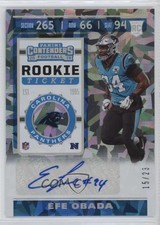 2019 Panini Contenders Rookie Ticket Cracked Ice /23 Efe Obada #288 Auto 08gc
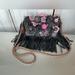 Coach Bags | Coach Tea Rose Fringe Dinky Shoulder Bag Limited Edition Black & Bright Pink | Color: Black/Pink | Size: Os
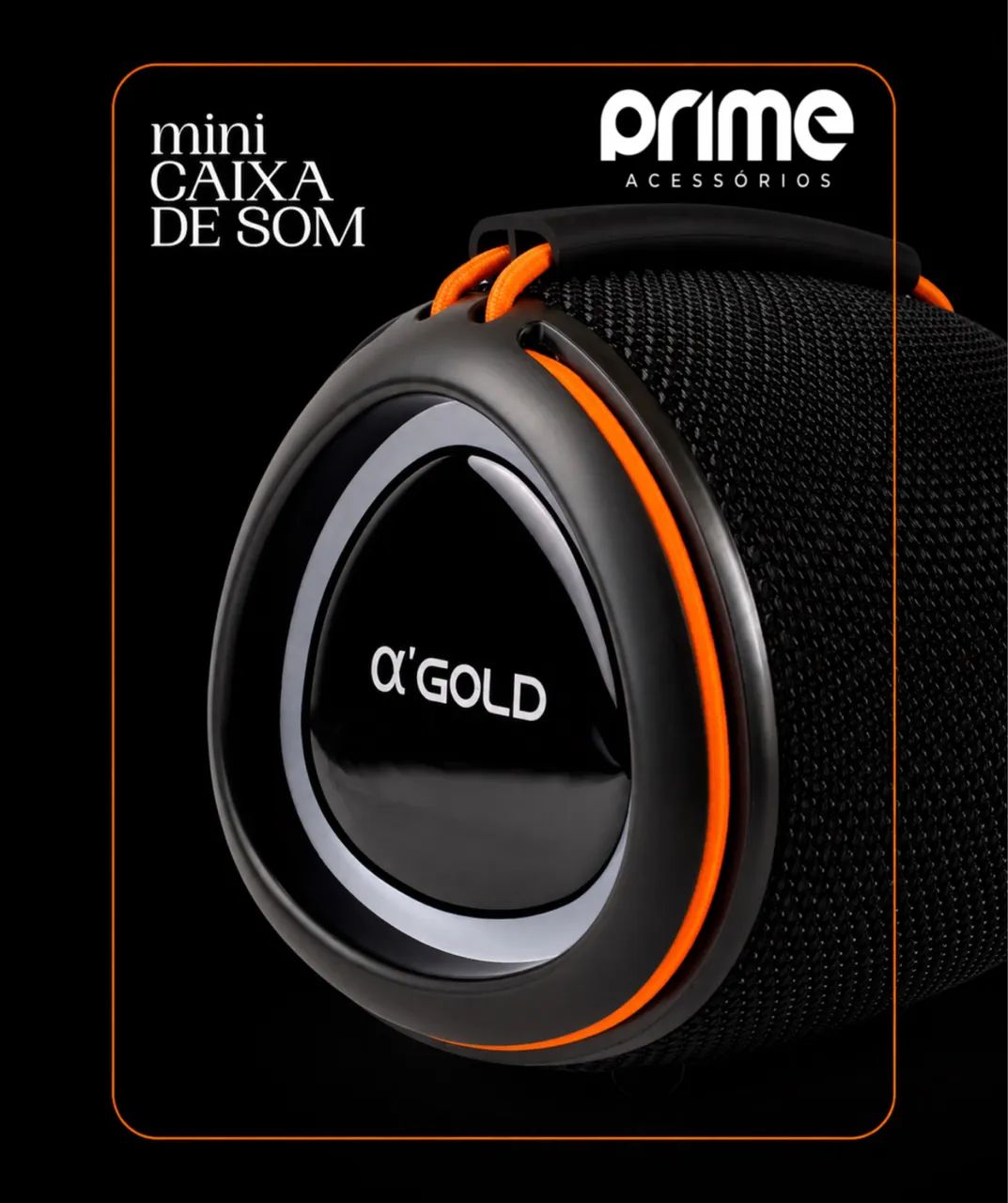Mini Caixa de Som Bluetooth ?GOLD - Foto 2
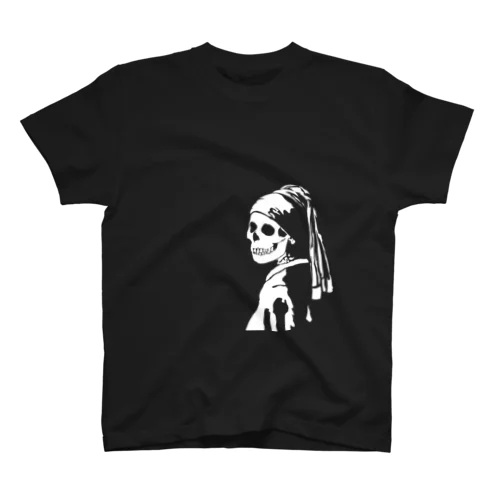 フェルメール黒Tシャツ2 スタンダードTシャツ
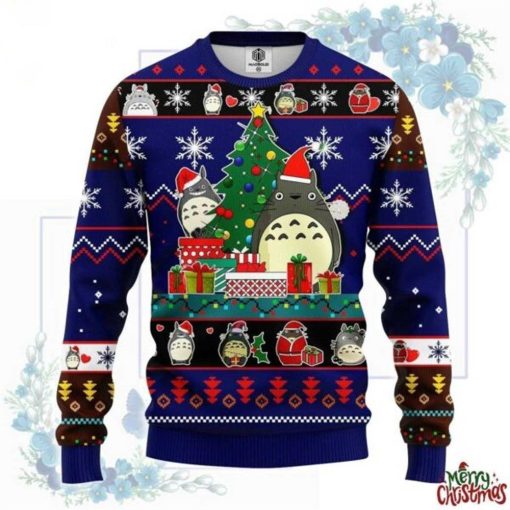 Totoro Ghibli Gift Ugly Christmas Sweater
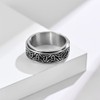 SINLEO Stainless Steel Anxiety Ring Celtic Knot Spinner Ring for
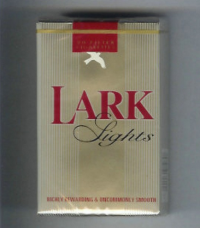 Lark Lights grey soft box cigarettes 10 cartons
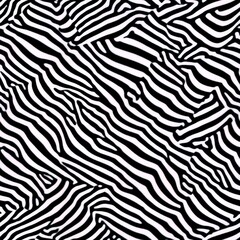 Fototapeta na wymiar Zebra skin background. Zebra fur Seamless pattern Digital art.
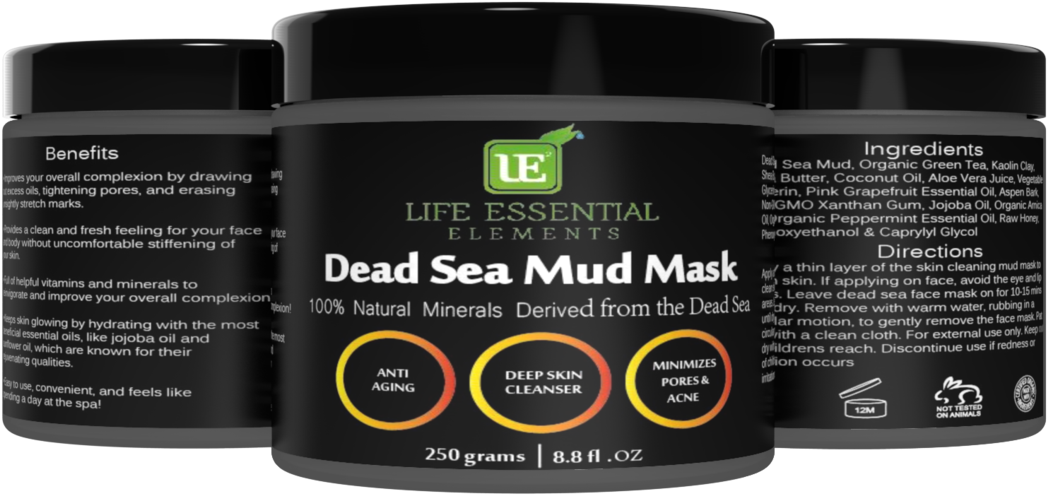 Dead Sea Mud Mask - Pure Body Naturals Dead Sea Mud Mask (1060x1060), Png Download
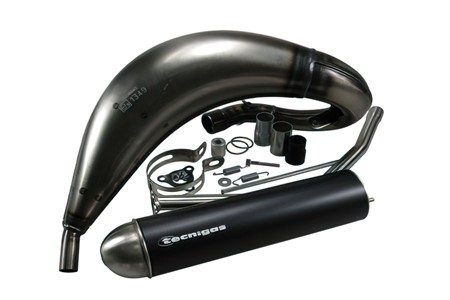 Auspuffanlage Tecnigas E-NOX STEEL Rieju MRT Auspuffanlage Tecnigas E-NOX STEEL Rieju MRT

+++

- _PROBLEM REQUIREMENTS_:
Please retype the records above exactly, excluding every picture.

- _REPLY TO THE EXERCISE_:
 2019 Panini Contenders Rookie Ticket Cracked Ice /23 Efe Obada #288 Auto 08gc
 Coach Bags | Coach Tea Rose Fringe Dinky Shoulder Bag Limited Edition Black & Bright Pink | Color: Black/Pink | Size: Os
Mini Caixa de Som Bluetooth ?GOLD - Foto 2
 フェルメール黒Tシャツ2 スタンダードTシャツ
 Totoro Ghibli Gift Ugly Christmas Sweater
 SINLEO Stainless Steel Anxiety Ring Celtic Knot Spinner Ring for
 Lark Lights grey soft box cigarettes 10 cartons
 Fototapeta na wymiar Zebra skin background. Zebra fur Seamless pattern Digital art.
 Dead Sea Mud Mask - Pure Body Naturals Dead Sea Mud Mask (1060x1060), Png Download
 Auspuffanlage Tecnigas E-NOX STEEL Rieju MRT Auspuffanlage Tecnigas E-NOX STEEL Rieju MRT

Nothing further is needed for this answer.